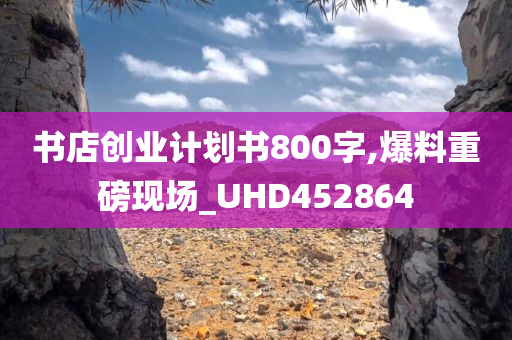 书店创业计划书800字,爆料重磅现场_UHD452864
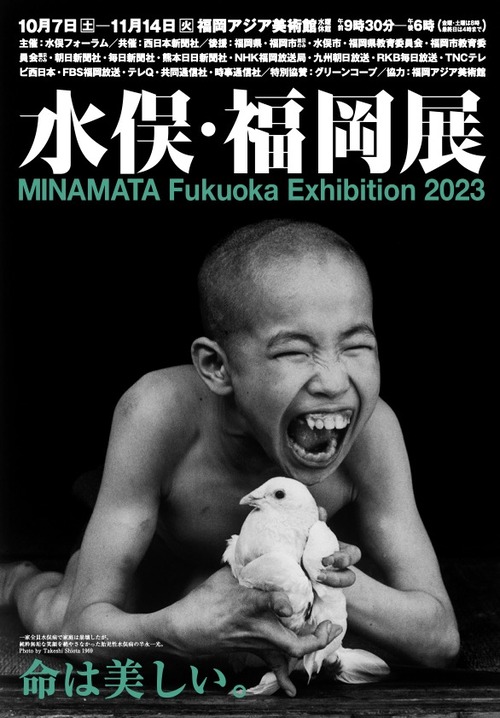 最終日！複数回の参観を果たすことができました。水俣・福岡展2023、始まりました！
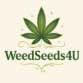 weedseeds4u teneriffa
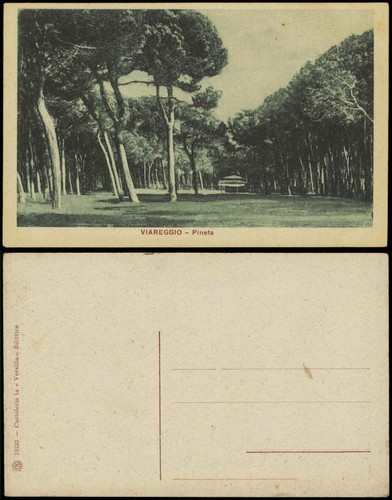 Cartolina viareggio pineta - viareggio,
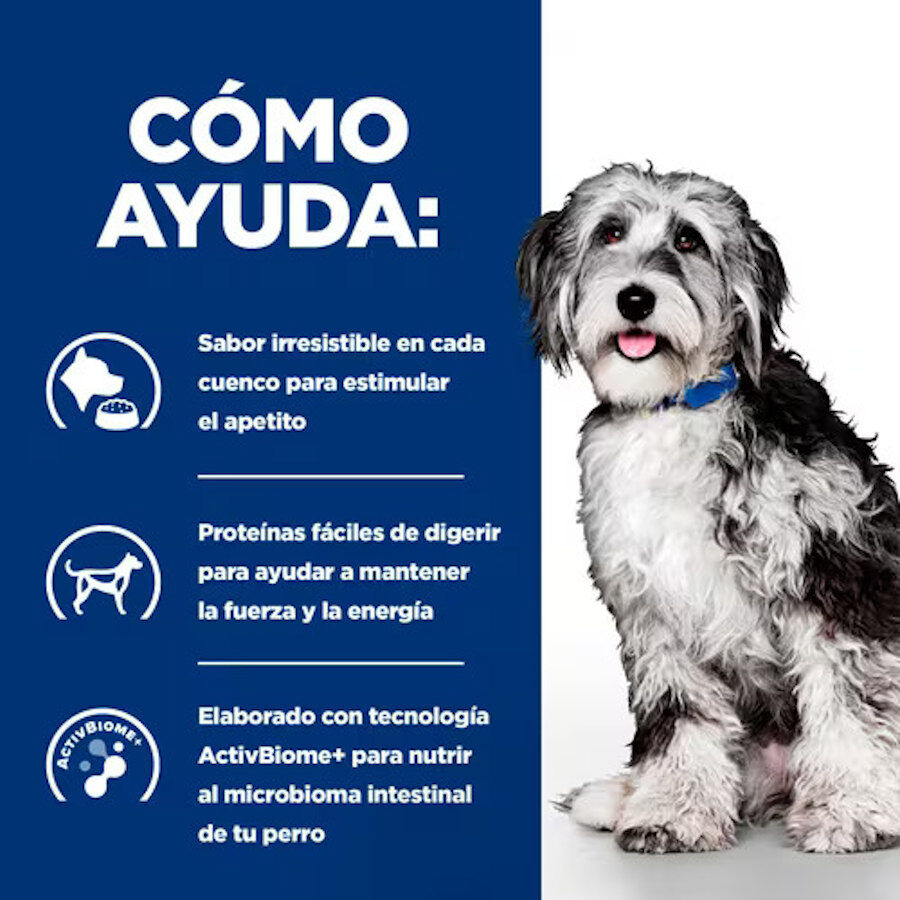 345 g Hill's Prescription Diet ON-Care Estofado de Pollo y Vegetales lata para perros, , large Imagen numero 3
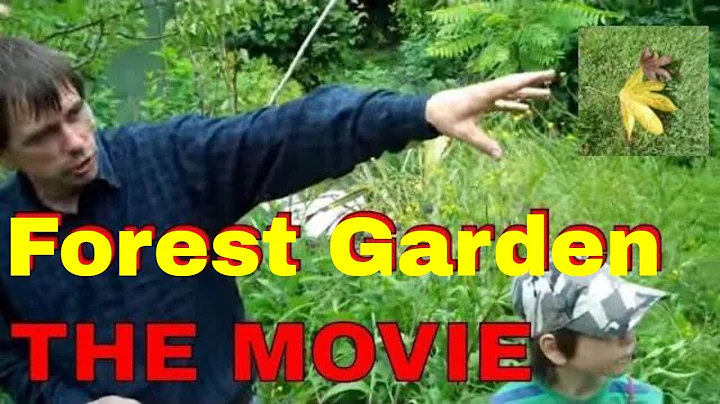 Forest Garden THE MOVIE #permaculture #agroforestr...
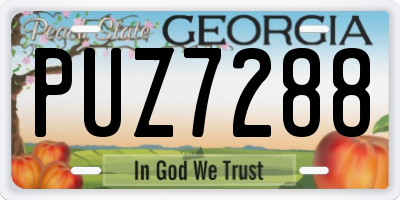 GA license plate PUZ7288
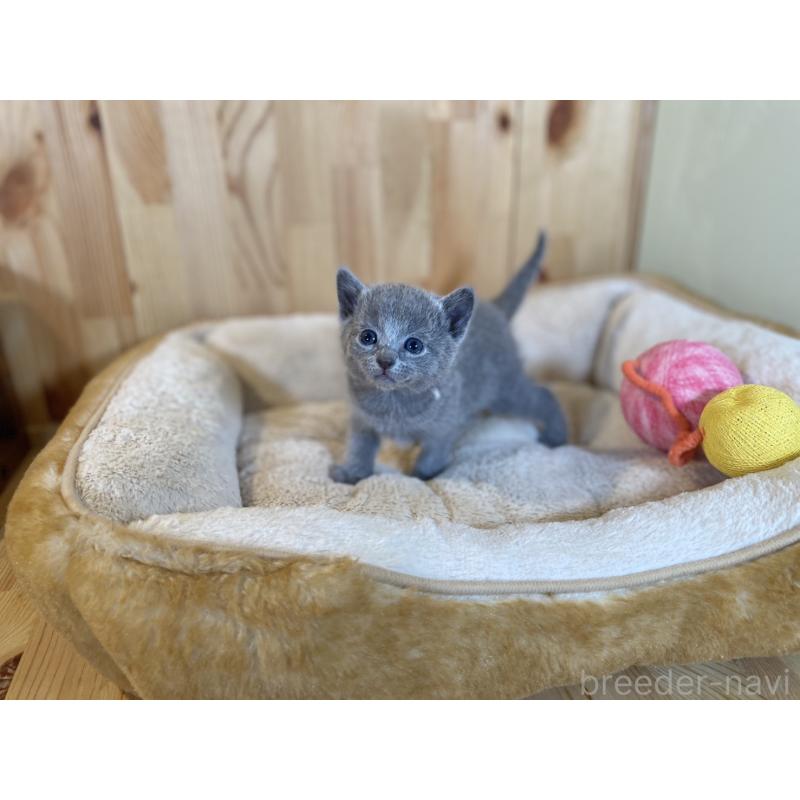 販売中の長野県のロシアンブルー-131880の7枚目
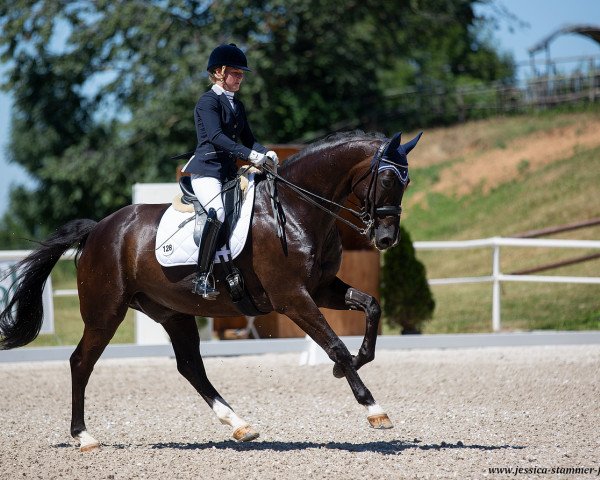 dressage horse Santo Florencio (Rhinelander, 2011, from San Amour I)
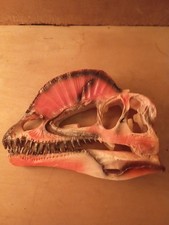 Schädel Aus Harz Dilophosaurus Deko Aquarium 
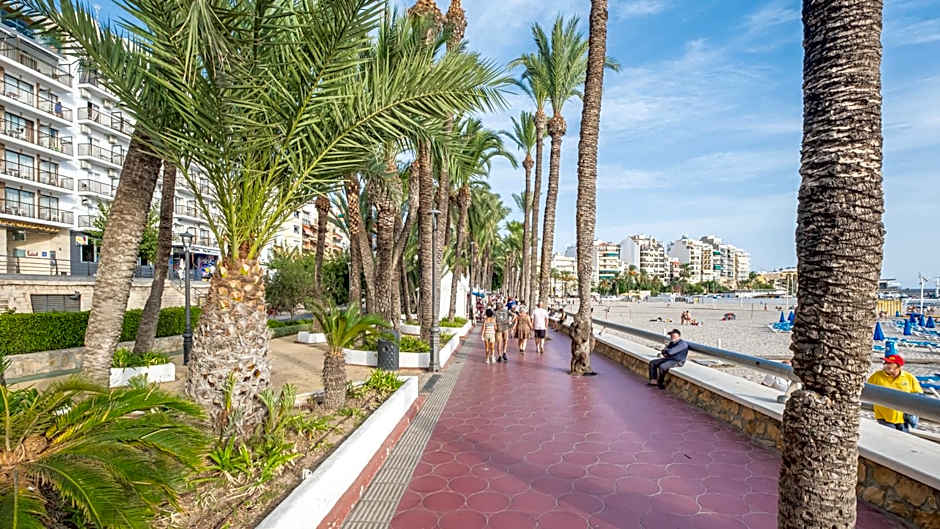 Apartamentos La Rosita Old Town
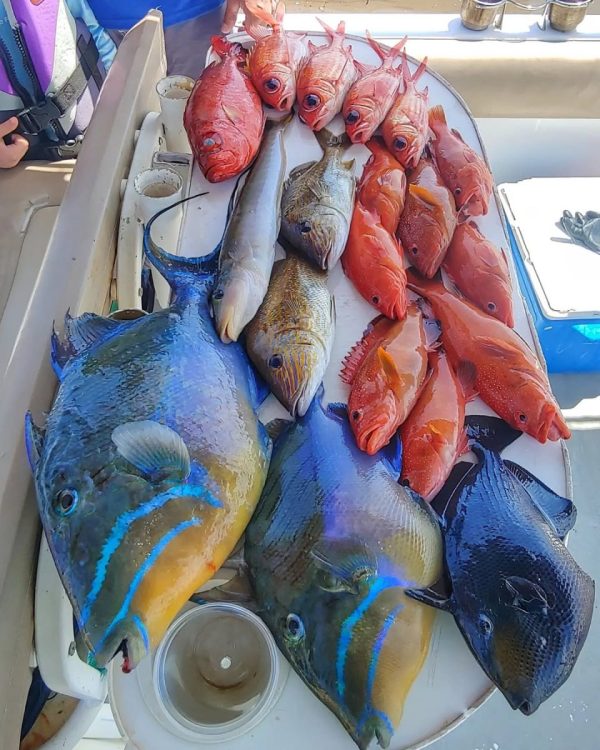 Fishing Charters Punta Cana report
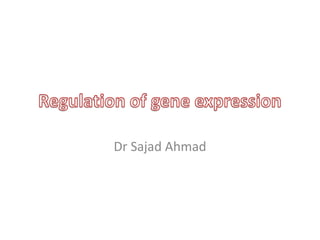 Dr Sajad Ahmad
 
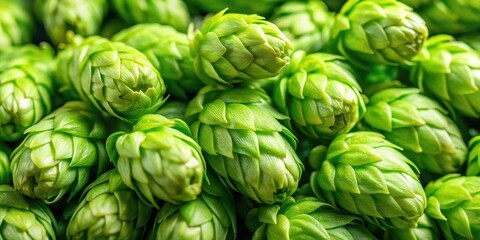 Obraz premium Close-up background of fresh green beer hops in a brewery, agricultural, green hops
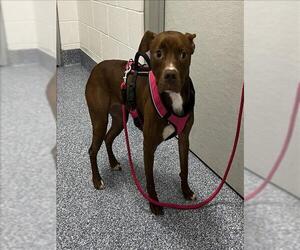 American Pit Bull Terrier Dogs for adoption in Grovetown, GA, USA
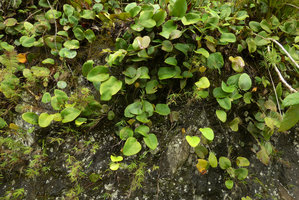Pyrrosia abbreviata, vegetative population on vertical rock surface, Maninjau lake area, West Sumatra, Dec. 2016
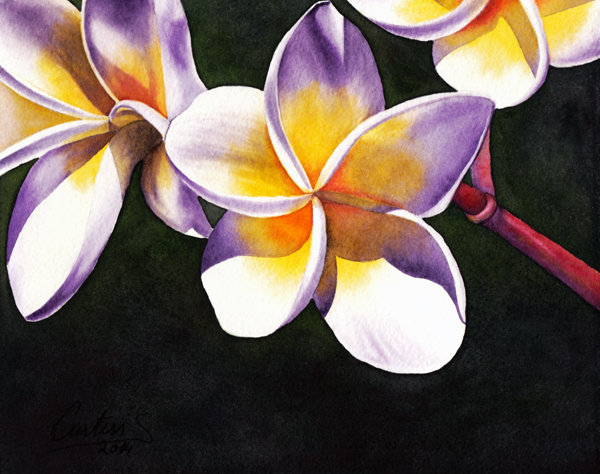 600x474 Tags - Plumeria Watercolor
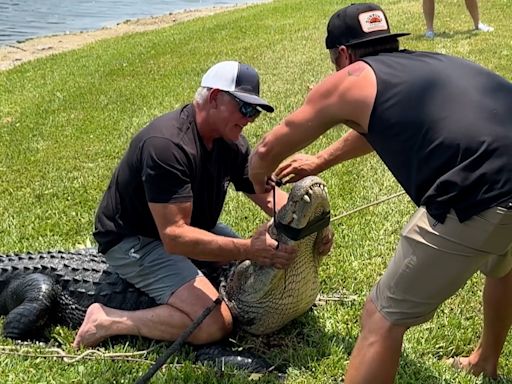 Using a fishing pole and rope, massive 11-foot creature reeled out of a Florida pond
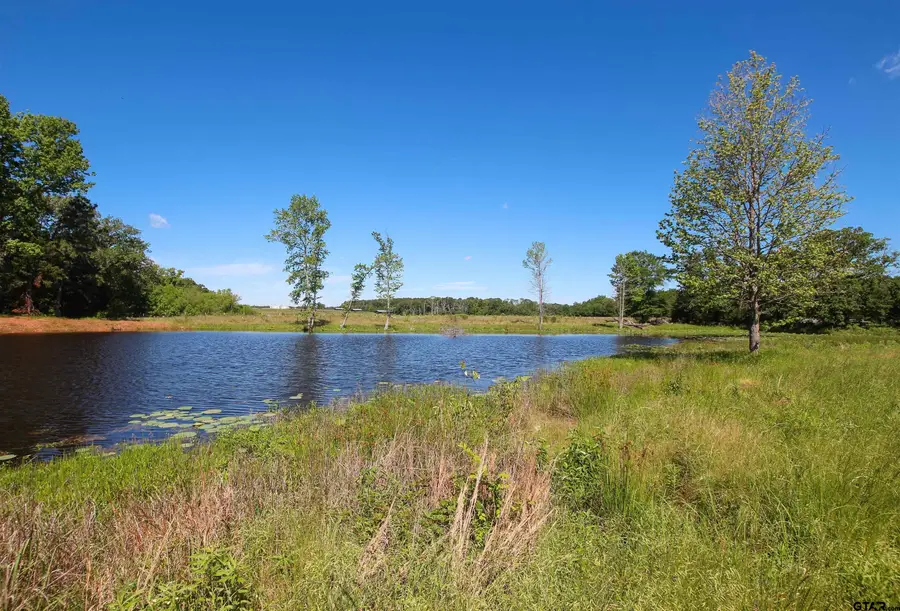 16391 Beacons Jet Ct, Lindale, TX 75771 - Image #3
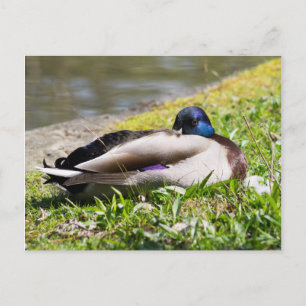 Schlafmallard Postkarte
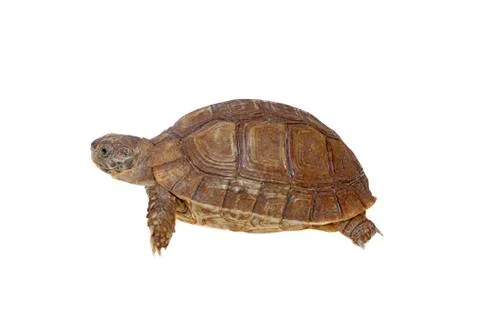 Turtle dwells Stock Photos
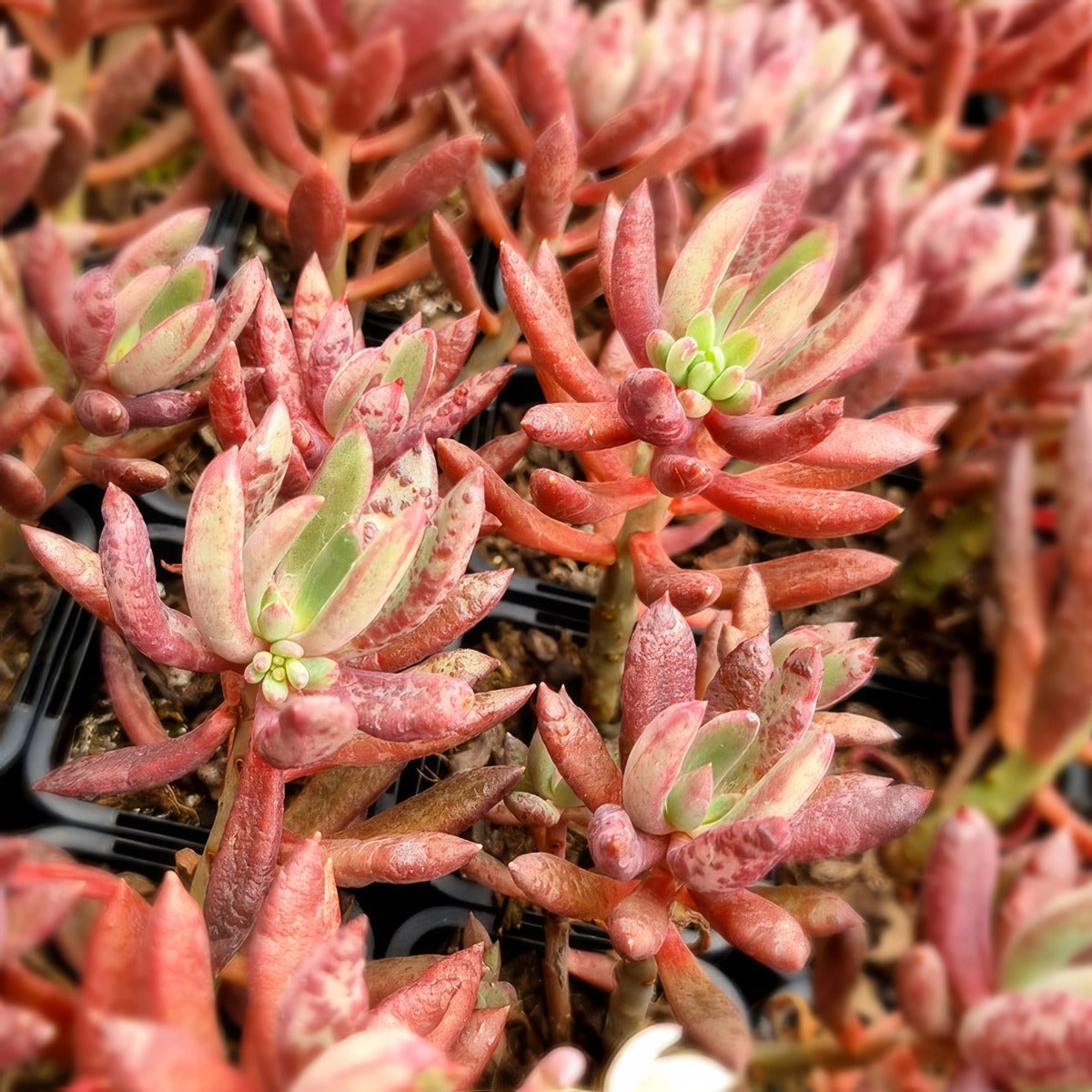 Pachyveria Red Banana P68pacrba - Garden Express Australia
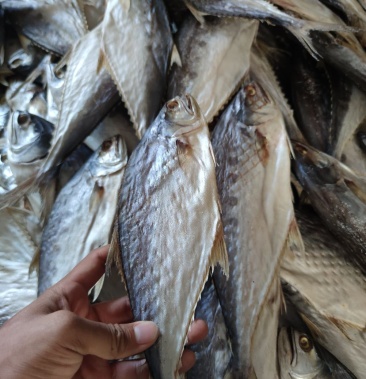 北部湾鱼源头晒场马鲛鱼干大王长鱼干整条晒肉厚少无细刺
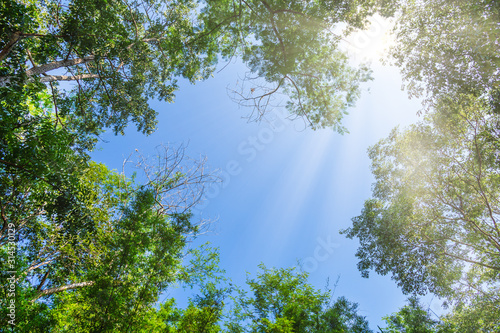 The background image of bright trees and sky Is a scene with free space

* [What is being asked]
Retype the whole listing exactly. Do not include the pictures.

* [Problem solution]
 书店创业计划书800字,爆料重磅现场_UHD452864
 最終日！複数回の参観を果たすことができました。水俣・福岡展2023、始まりました！
 weedseeds4u teneriffa
 Cartolina viareggio pineta - viareggio,
 345 g Hill's Prescription Diet ON-Care Estofado de Pollo y Vegetales lata para perros, , large Imagen numero 3
 Forest Garden THE MOVIE #permaculture #agroforestr...
 GA license plate PUZ7288
 販売中の長野県のロシアンブルー-131880の7枚目
 dressage horse Santo Florencio (Rhinelander, 2011, from San Amour I)
 Schädel Aus Harz Dilophosaurus Deko Aquarium 
 Apartamentos La Rosita Old Town
 Fishing Charters Punta Cana report
 Dr Sajad Ahmad
 
 Obraz premium Close-up background of fresh green beer hops in a brewery, agricultural, green hops
 American Pit Bull Terrier Dogs for adoption in Grovetown, GA, USA
Pyrrosia abbreviata, vegetative population on vertical rock surface, Maninjau lake area, West Sumatra, Dec. 2016
 600x474 Tags - Plumeria Watercolor
 Using a fishing pole and rope, massive 11-foot creature reeled out of a Florida pond
 16391 Beacons Jet Ct, Lindale, TX 75771 - Image #3
 Schlafmallard Postkarte
 Turtle dwells Stock Photos
 Pachyveria Red Banana P68pacrba - Garden Express Australia
 北部湾鱼源头晒场马鲛鱼干大王长鱼干整条晒肉厚少无细刺
 The background image of bright trees and sky Is a scene with free space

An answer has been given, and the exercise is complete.